Try it - Begin at the top of the records below and return each line exactly through the line with "Pokemon Celebrations 25th". Skip pictures.

Data extracts -

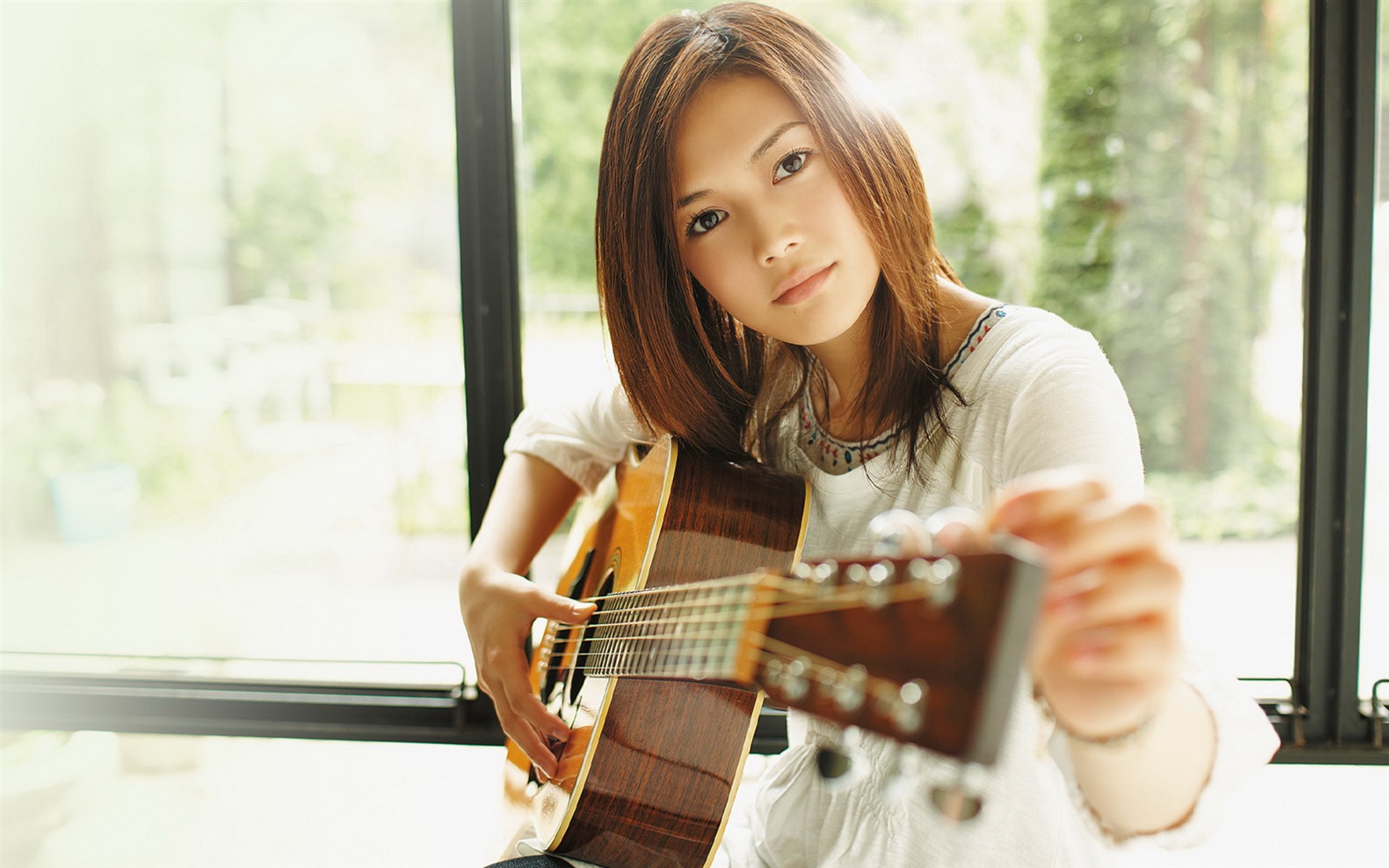 Japanese singer Yoshioka Yui HD wallpapers #1 - 1680x1050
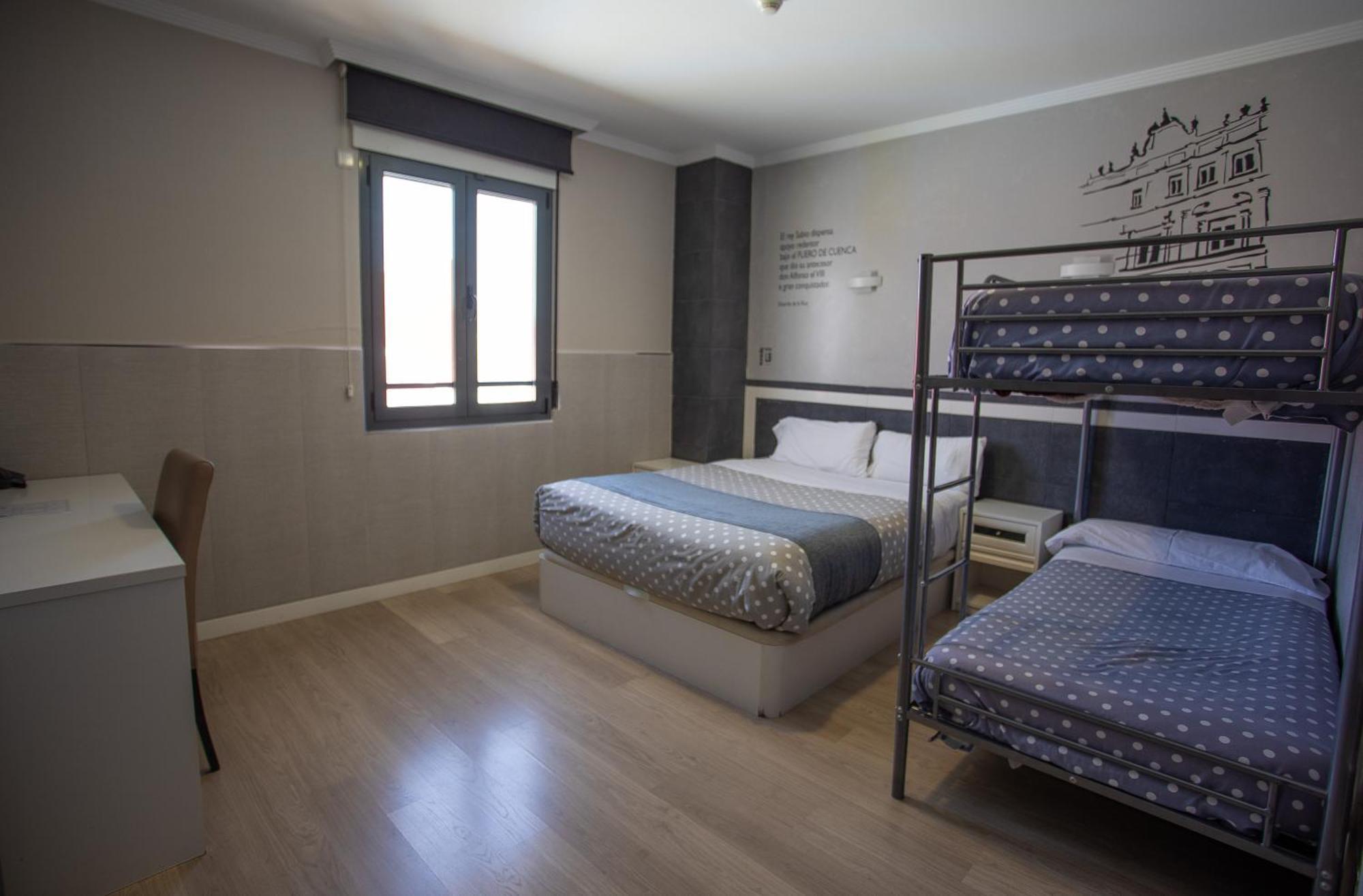 Hotel Lb Villa De Cuenca クエンカ エクステリア 写真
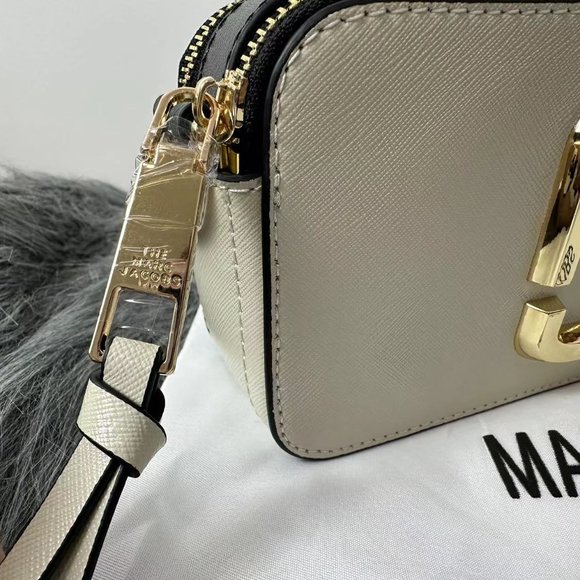 MARC JACOBS The Mixed Media Snapshot Bag Beige - Picture 2 of 4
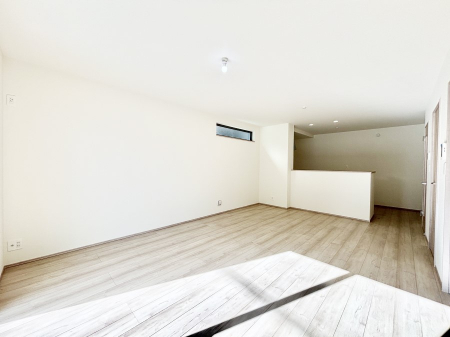 ���r���O�@���Ƒ��̓��₩�Șb�����ŕ�܂�閾�邢���r���O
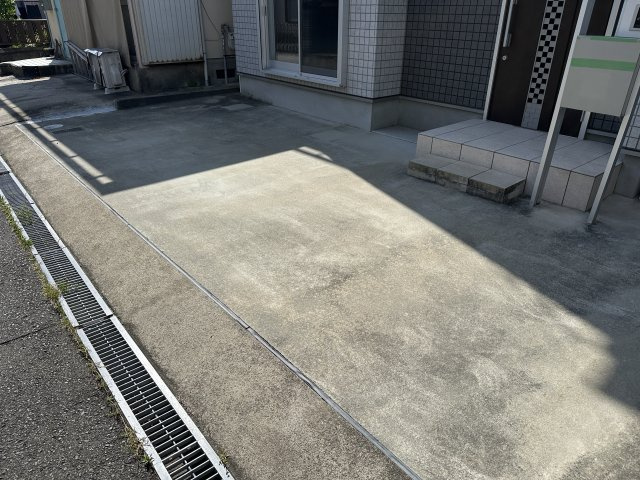 明石市大久保町大窪戸建の駐車場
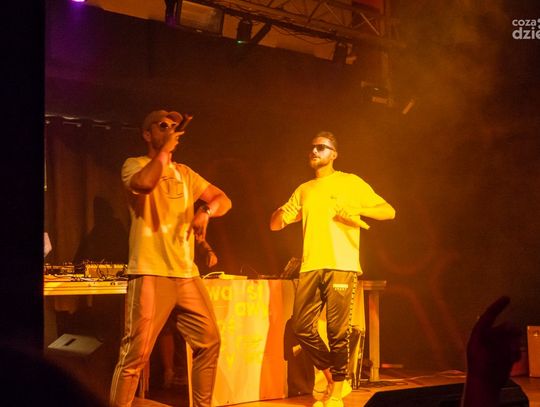 "Coś Przerywa" koncert premierowy grupy Dwa Sławy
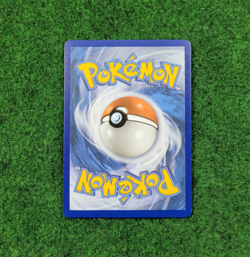 Pokemon Celebrations 25th Anniversary Umbreon Gold Star 17/17 Card Rare - Image 2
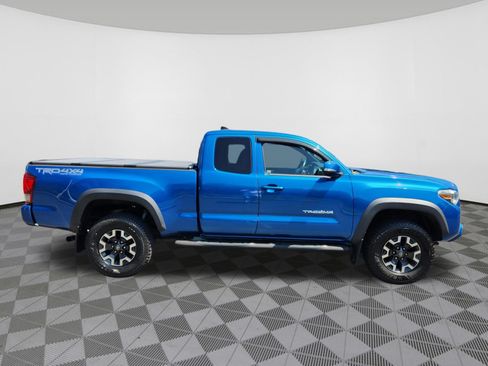 Used 2016 Toyota Tacoma TRD Off-Road w/ Premium & Technology Package AWD/4WD image 6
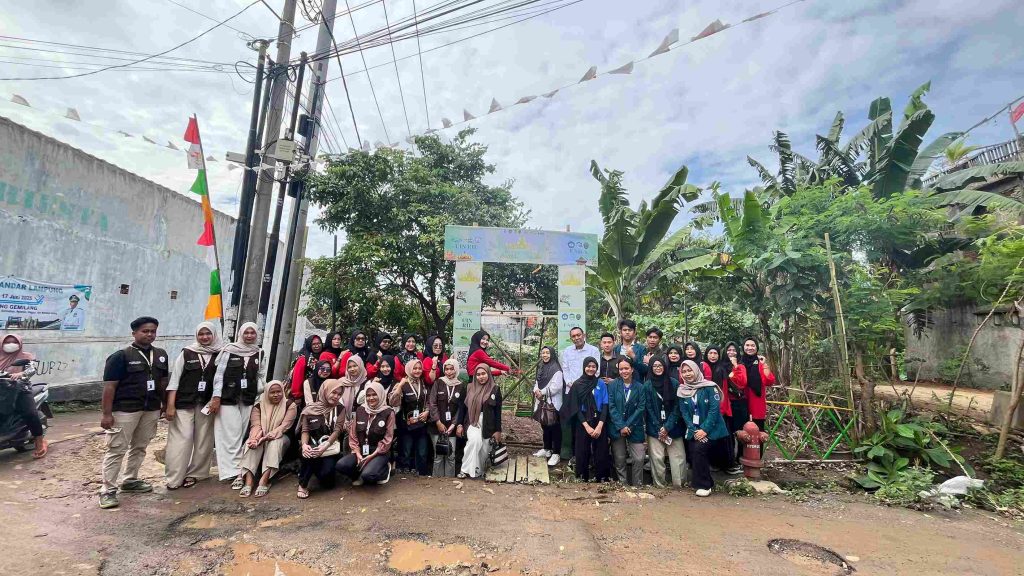 Mahasiswa KKN Kampung Baru bersama perangkat kelurahan mengesahkan Taman KWT dan TOGA di Kelurahan Kampung Baru pada 20 Agustus 2025.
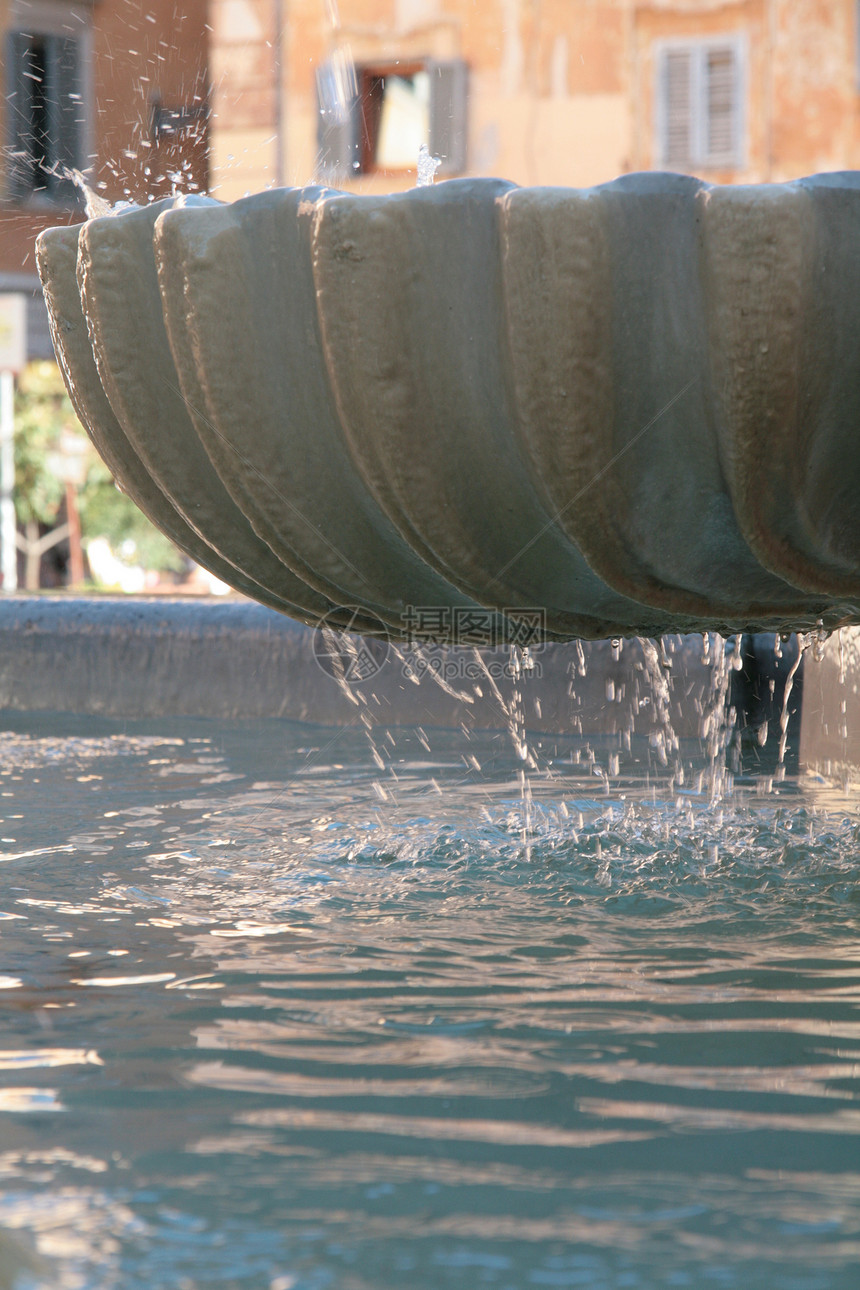 罗马特拉斯特韦尔喷泉S Maria的详情图片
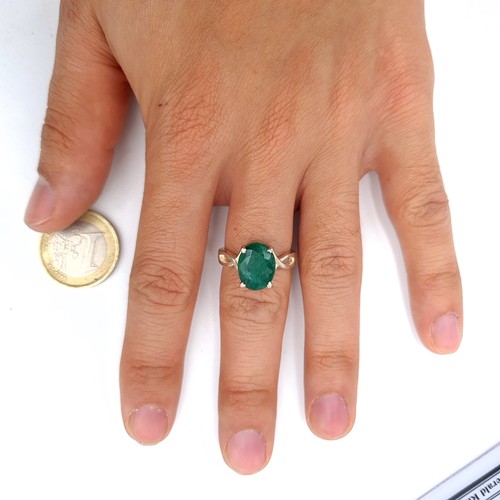 57 - A certified natural Emerald ring, featuring a huge Emerald of 5 carats and set in sterling silver. R... 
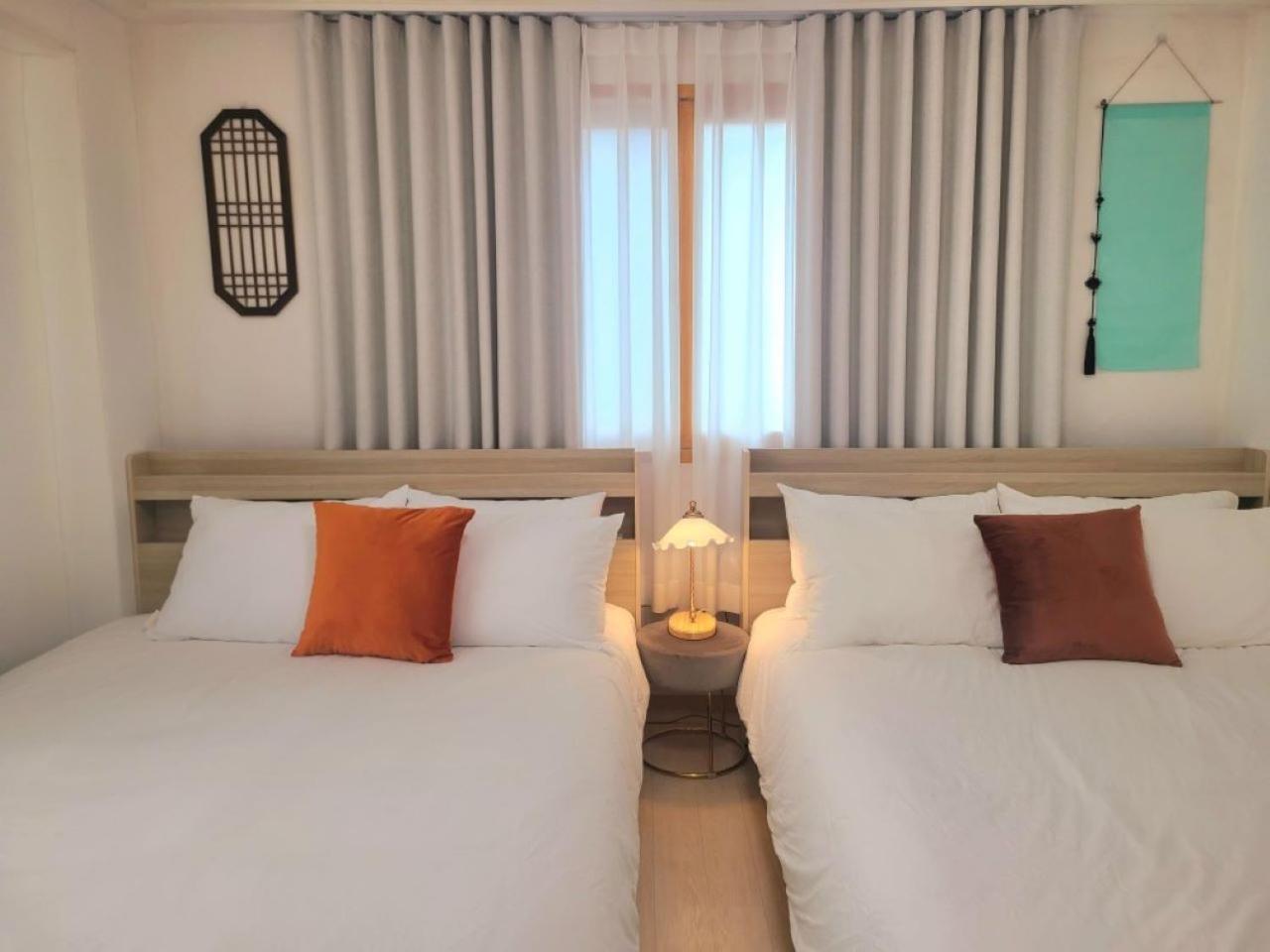 Yoon In #convenient Transportation #hotelbedroom #wide3 8 People #familygroup # Free Parking Apartment Seoul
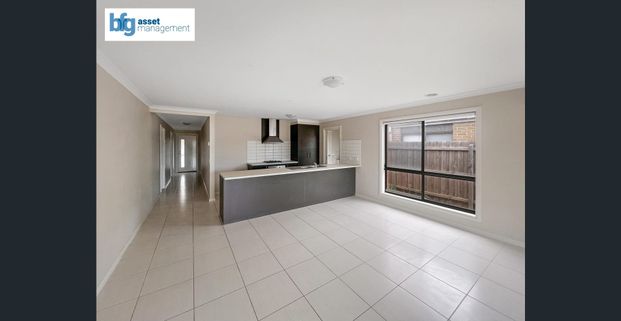 Modern 4 Bedroom Home in a great location! - Photo 1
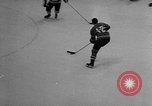 Image Championnat de hockey sur glace Canada, 1957, de la seconde 58 séquences d'archives historiques vidéo 65675056226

Written solution -
 Japanese singer Yoshioka Yui HD wallpapers #1 - 1680x1050
 Hotel Lb Villa De Cuenca クエンカ エクステリア 写真
 MARC JACOBS The Mixed Media Snapshot Bag Beige - Picture 2 of 4
 ���r���O�@���Ƒ��̓��₩�Șb�����ŕ�܂�閾�邢���r���O
 明石市大久保町大窪戸建の駐車場
 "Coś Przerywa" koncert premierowy grupy Dwa Sławy
 Pokemon Celebrations 25th Anniversary Umbreon Gold Star 17/17 Card Rare - Image 2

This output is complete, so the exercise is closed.